This paper aims at investigating the relationship between stock market liberalization and environmental innovation and explore the channels through which foreign institutional investors changes firms’ innovation activities because it is essential for both the development of Chinese financial market and the green transformation of Chinese economy. The first marginal contribution is that this paper evaluates the role of the foreign institutional investors in inspiring environmental innovation. The industrialization and economic growth of developing countries are restricted to environment and resources. Green environmental innovation is an important and effective way to give attention to both the economic growth and the environment protection. This research provides the evidence that stock market liberalization is an important channel to attract high-quality investment that push forward industrial upgrades and green transformation.
Secondly, this research investigates the underlying mechanisms through which foreign institutional investors contribute to environmental innovation.
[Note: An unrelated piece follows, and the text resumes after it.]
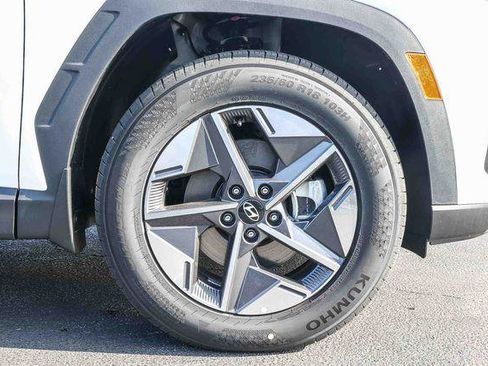 New 2026 Hyundai Tucson SEL FWD image 9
Our findings reveal that foreign institutional investors can promote environmental innovation through supervising the environmental innovation activities, tolerating innovation failures, and bringing knowledge spillover into the investee firms. Value investors with ESG investment philosophy can fulfill these mechanisms. For developing countries whose stock market is not yet ripe for opening-up, cultivating value and ESG investment philosophy in their domestic investors will benefit their environmental innovation. The valuable implications we get from this study is elaborated in the conclusion part. For China, the experience is the bedrock for further opening-up and liberalization of the stock market. For other developing countries, China’s experience may be used for reference.
Thirdly, the study mitigates confounding effects and reduces the interference of endogenous problems based on the step-by-step implementation of the MHKS Connect Program. Study on Chinese stock market mostly starts with the single Hong Kong-Shanghai stock connect, which will simultaneously lead to the interference of other influencing factors. Study on other countries do not choose exogenous policies, which will disturb the research by the differences between different capital markets. The MHKS Connect Program contains an exogenous policy (Shanghai/Shenzhen-Hong Kong Stock Connect) and a single country (China). These two elements help address the existing literature on the choice of their exogenous policy.
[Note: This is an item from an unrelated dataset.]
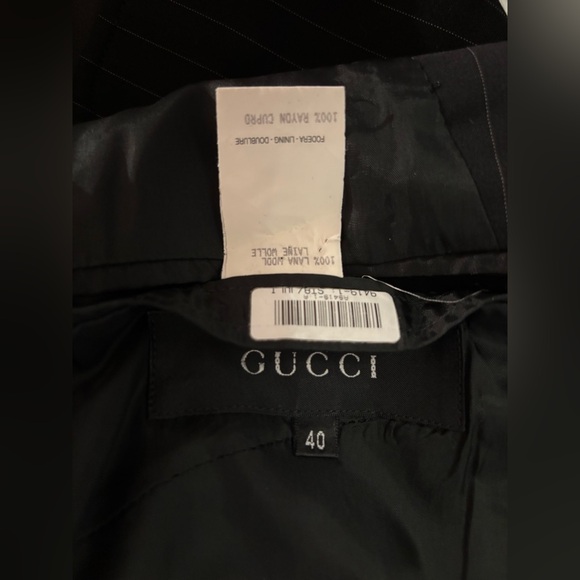 EUC Gucci black pinstripe pantsuit - jacket & pants - 40 (6/8) - Picture 12 of 16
The rest of the paper includes five parts: section “Literature Review” is literature review; section “Research Hypotheses” develops the research hypotheses; section “Data and Method” presents the data and empirical strategies; section “Results and Discussion” presents empirical results and discussions; section “Conclusions and Implications” summarizes the findings and implications. Figure 1 lay out the organization of this paper.

The organization of the research.
Literature Review
This paper mainly involves three aspects: the economic effects of the stock market liberalization, the influencing factors of firms’ environmental innovation, and the effect of stock market liberalization on innovation.
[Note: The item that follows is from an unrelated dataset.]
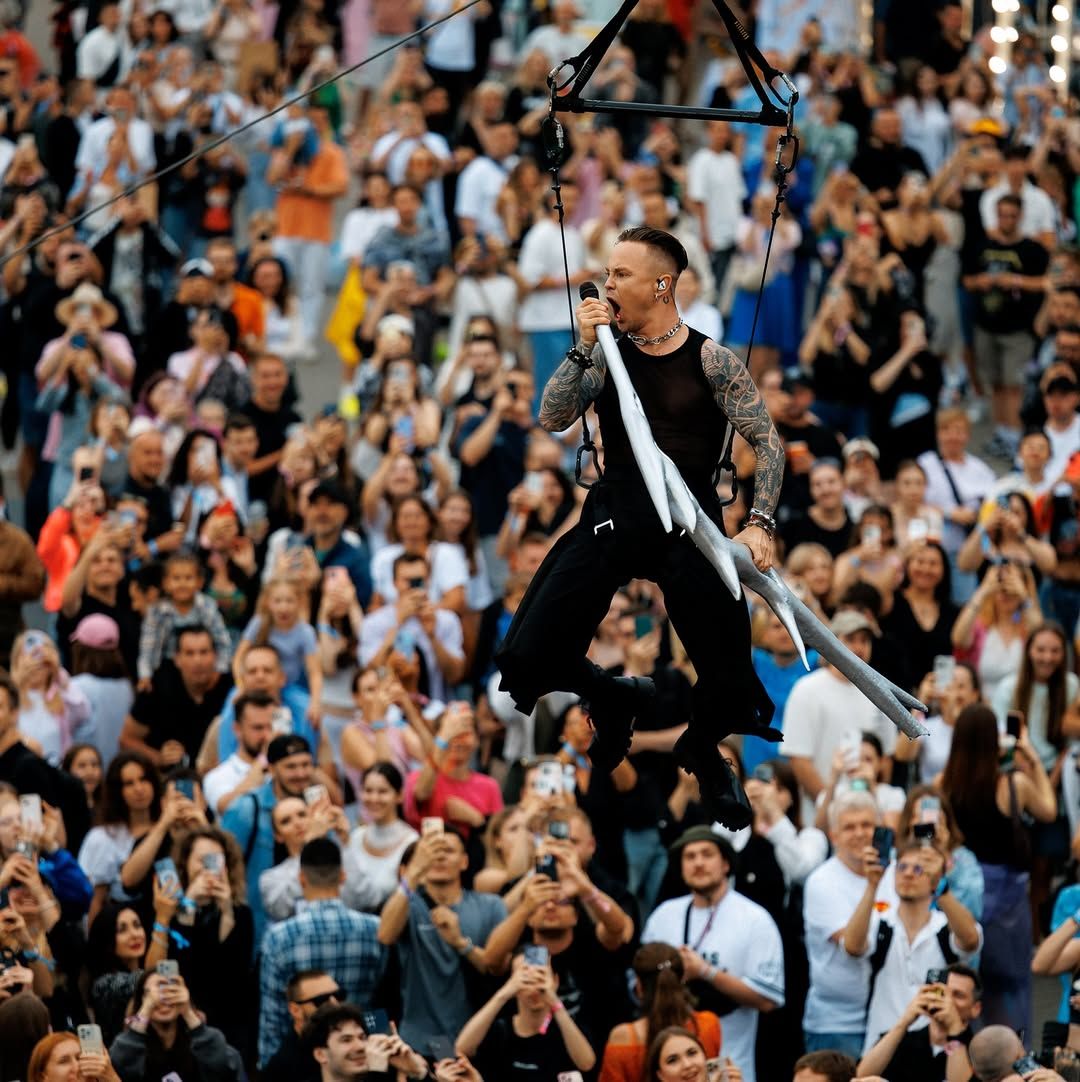 Артем зібрав за всі ці виступи більше 70 тисяч глядачів.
Economic Effects of Stock Market Liberalization
There are positive and negative opinions on the economic effects of stock market liberalization. The stock market liberalization has attracted many foreign rational value investors into emerging capital markets such as China (Y. S. Chen et al., 2019). Rational value investors benefit the stock market in several ways. They can help reduce heterogeneous fluctuations in stock prices and improve the stability of stock markets (K. Zhong et al., 2018). They can promote the integration of company-specific information into stock prices to improve the information content of stock prices (T. L. Zhong & Lu, 2018). They can also enhance the worth of non-financial information, improve corporate investment efficiency, corporate governance structures and governance effectiveness (Bekaert, 2000; Y. S. Chen & Huang, 2019; Lian et al., 2019a, b). However, some scholars believe that liberalizing capital markets in emerging economies is challenging (Ji & Zang, 2019; L. Lei et al., 2018; Lv & Wan, 2017). For example, foreign investors may have short-term speculation (Choe et al., 2005), and ignore the company’s long-term value (Callen & Fang, 2013; Choe et al., 2005). The “hot money” effect will lead foreign investors to pursue higher short-term returns, thus ignoring firms’ long-term value (Brennan & Cao, 1997). Due to the time and cost of supervision, professional managers’ inaction cannot be effectively supervised (Zhu & Yi, 2020).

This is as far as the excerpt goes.